Materials provided:

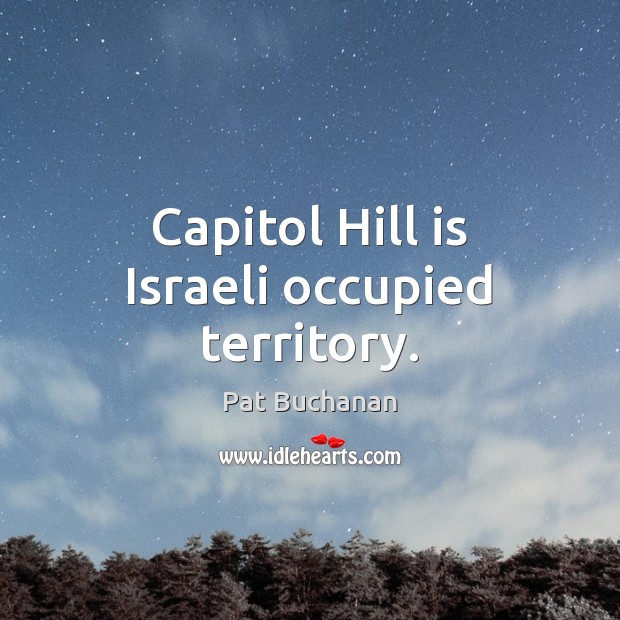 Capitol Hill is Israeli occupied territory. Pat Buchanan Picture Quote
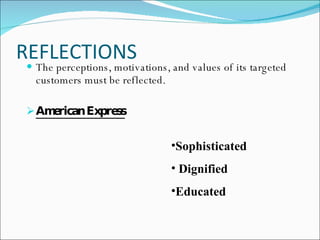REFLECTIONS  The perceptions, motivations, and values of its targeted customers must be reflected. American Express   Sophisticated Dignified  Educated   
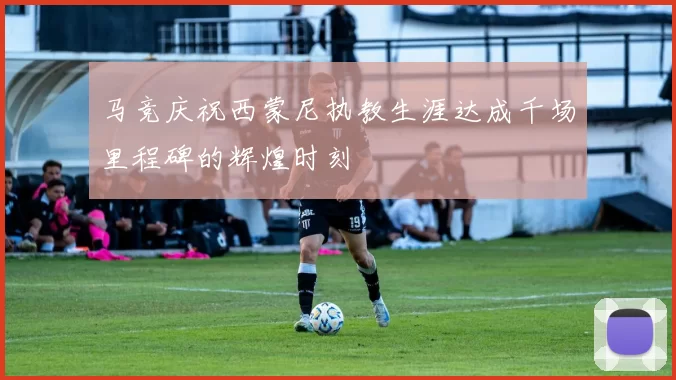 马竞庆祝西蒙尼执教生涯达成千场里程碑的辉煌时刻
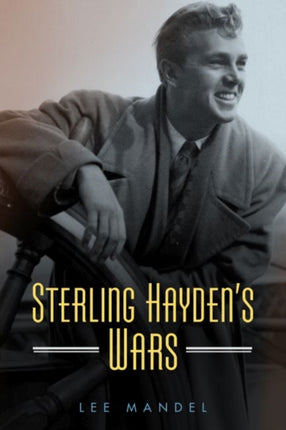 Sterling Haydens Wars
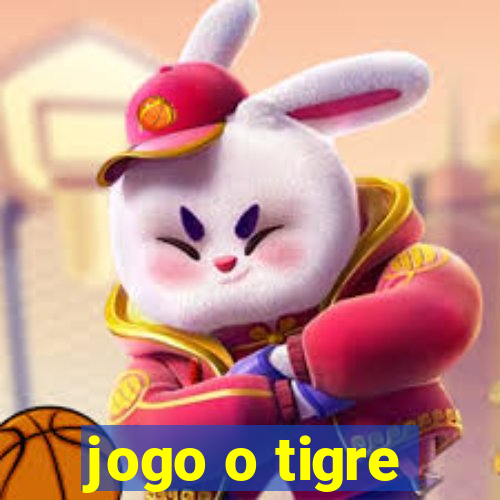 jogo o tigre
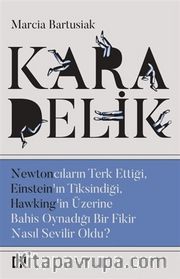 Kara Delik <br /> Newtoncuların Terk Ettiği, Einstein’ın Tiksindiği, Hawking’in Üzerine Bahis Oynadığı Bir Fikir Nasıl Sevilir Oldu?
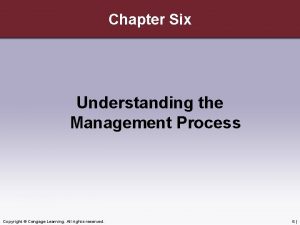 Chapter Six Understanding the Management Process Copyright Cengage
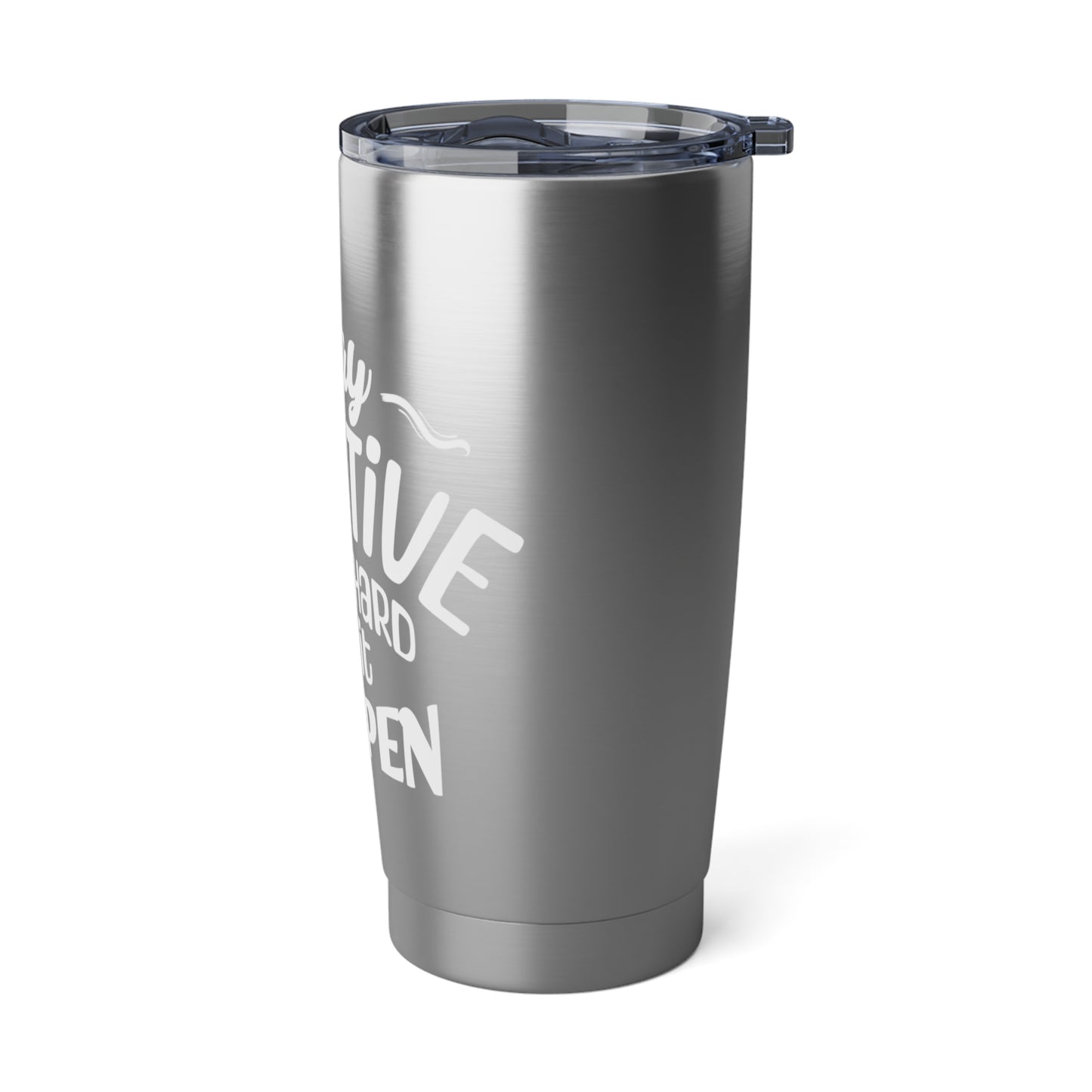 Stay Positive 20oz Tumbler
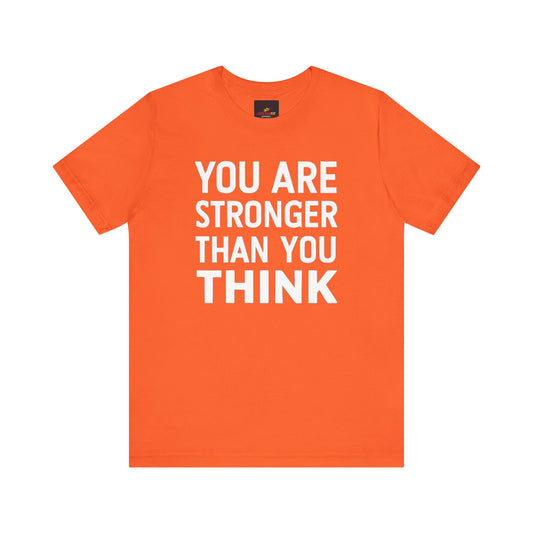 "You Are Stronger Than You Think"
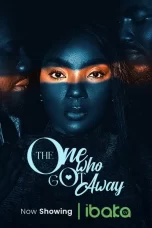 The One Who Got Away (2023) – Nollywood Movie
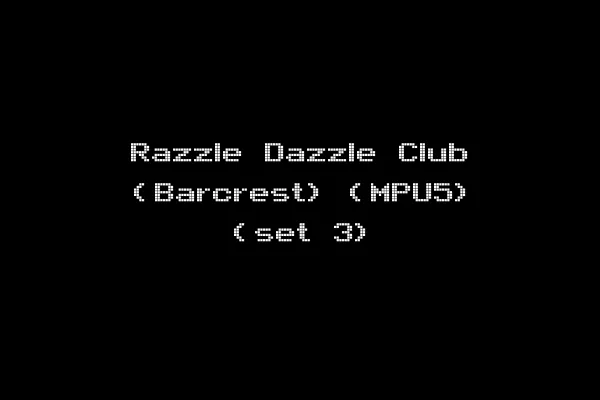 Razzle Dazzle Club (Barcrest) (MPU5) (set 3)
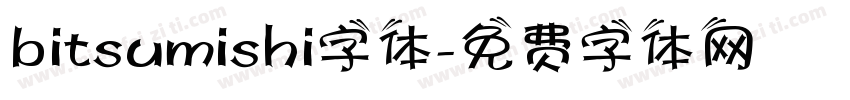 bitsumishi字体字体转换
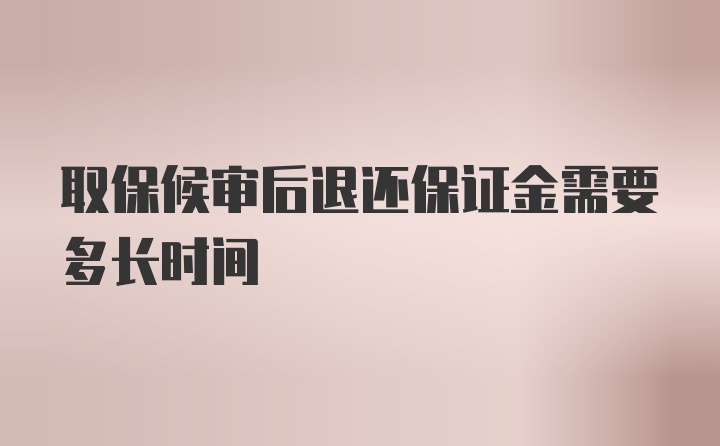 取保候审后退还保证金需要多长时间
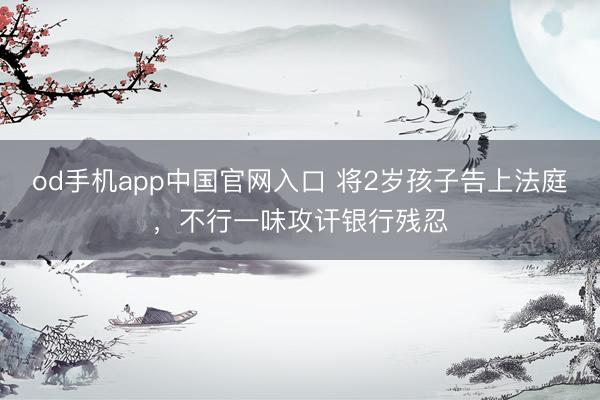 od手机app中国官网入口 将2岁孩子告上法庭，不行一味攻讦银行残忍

Exercise aim: Would you set down only the lines above from the line with "perceptions, motivations, and" to the line with "Kara Delik <br", both included, exactly as they stand and without the pictures?

The completed task:
REFLECTIONS  The perceptions, motivations, and values of its targeted customers must be reflected. American Express   Sophisticated Dignified  Educated   
 马竞庆祝西蒙尼执教生涯达成千场里程碑的辉煌时刻
 Sterling Haydens Wars
 jogo o tigre
 Kara Delik <br /> Newtoncuların Terk Ettiği, Einstein’ın Tiksindiği, Hawking’in Üzerine Bahis Oynadığı Bir Fikir Nasıl Sevilir Oldu?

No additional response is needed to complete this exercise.